Die Kampagne: “You can`t evict Solidarity” ist eine Anti-Repressions-Kampagne, mit der viele verschiedene Repressions-Betroffene aus antirassistischen, migrantischen Kämpfen an den EU-(Außen)Grenzen mit Spenden und Öffentlichkeitsarbeit unterstützt werden.
Just one month has passed in the new year and it already casts a grim shadow over the months yet to come. Blow after blow, new atrocities occur, and the government issues one fascist decision after another. Public outcry is absent.
Still, almost every day people set out on the dangerous journey across the straits between Turkey and Europe. Forced by a system that criminalizes and negatively stigmatizes migration, people unsafely have to board boats and leave everything behind, in the hope of a better, normal life – and for the EU (and within it the Greek government) no effort seems too big or too expensive to crush said people, no matter the cost.
The numerous shipwrecks in this month alone shows yet again how dangerous the crossing is. The Turkish coast guard rammed a rubber dinghy, 4 people drowned, one person went missing – and the excuse of missing safety precautions on board is accepted without comment. A fiber boat broke, 11 people died, of whom 8 were children – but the outcry is absent.
Driven in desperation by a dehumanizing and exclusionary system, a man finds himself during the first days of January in prison. He is locked away in solitary confinement, out of sight. He is a man with known psychological problems and he is left alone. Nobody will take responsibility for him. Death appears to him as the only way out of this hell.
In response to this, approximately 150 people took to the streets to protest against Moria Camp and the conditions in its prison.

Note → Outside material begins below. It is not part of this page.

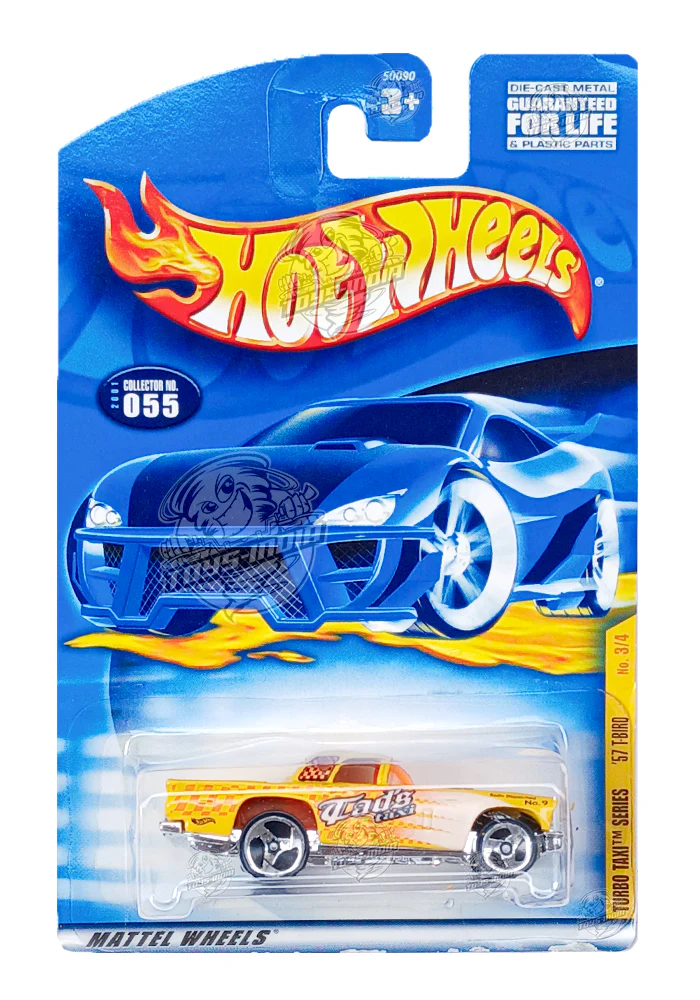 EXCLUSIVES Hot Wheels Turbo Taxi Series '57 T-Bird - Yellow - 2000 Card (With Protector Case)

In a public statement (in several languages), the violent methods, which are de facto torture, were criticized, and the release of all prisoners demanded, as well as the closure of Moria camp and freedom of movement for all.

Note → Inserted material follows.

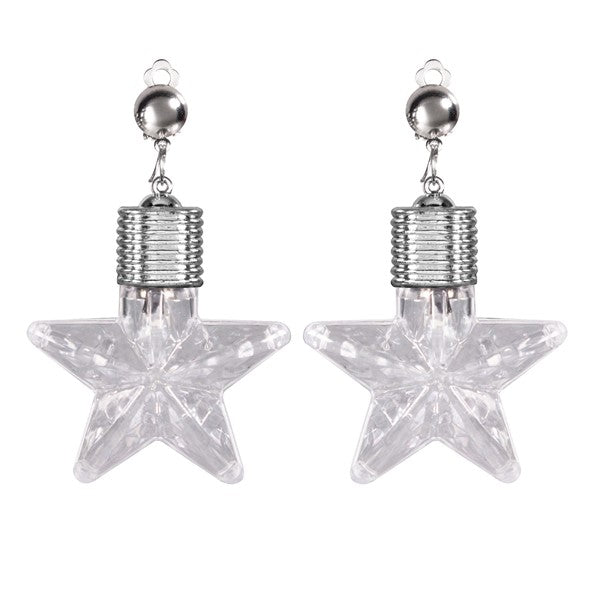 LED White Star Clip-On Earrings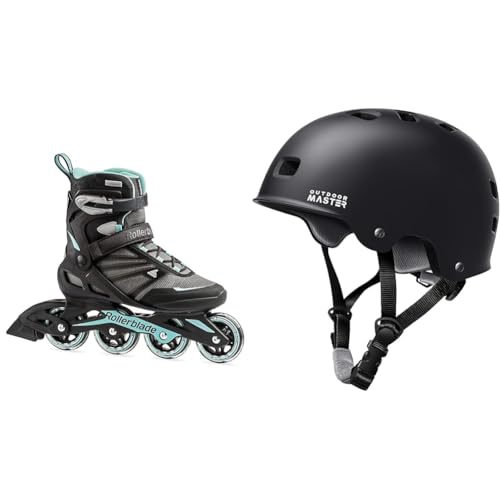 Image of Rollerblade Zetrablade Women's Adult Fitness Inline Skate, Black and Light Blue, Performance Inline Skates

Towards the end of the month around 300 women protested in the streets of Mytilene with slogans such as “we want to be free, we want to be human”. They criticized the horrible living conditions in Moria camp and the ongoing violence. Meanwhile, another hundred women were prevented from participating in the protest and were blocked at the streets entering Mytilene. More than ten non-refugee women that attended the demonstration were removed and taken to the police station. The police were of the opinion that it was they who organized the rally, based on no evidence and only prejudice, the racial prejudice that the refugee community were unable to organise the demonstration themselves, and that it must have been done for them.
Women have to live under constant fear of assaults and rape. Medical help for pregnant women is barely existent. General medical support is scarce. Children grow up in a hostile environment. They are denied their childhood. But the outcry is absent.
Over 20,000 people are currently stuck in and around Moria camp, having to call it their home. Basic needs are not even close to being met. The ideal environment for violence has resulted in several attacks. Already more than 10 people have been injured and hospitalized since the start of the year. Among those, two men were killed. Some no longer dare to stay in the camp and see themselves forced to endure the cold winter nights in public places. But the outcry is absent.
On January 22nd, with the slogan: “we want our islands back!”, thousands of Greek civilians went on strike and protested the government’s refugee policy. The general strike was supported by the broad public, and a poster with their inflammatory demands could be seen in countless shops and stores of Mytilene, resulting in the largest protest in the history of Lesvos. Thus, domestic politics evaporates, and the belief that those who have newly arrived are to blame for the old, structural problems of the country spreads.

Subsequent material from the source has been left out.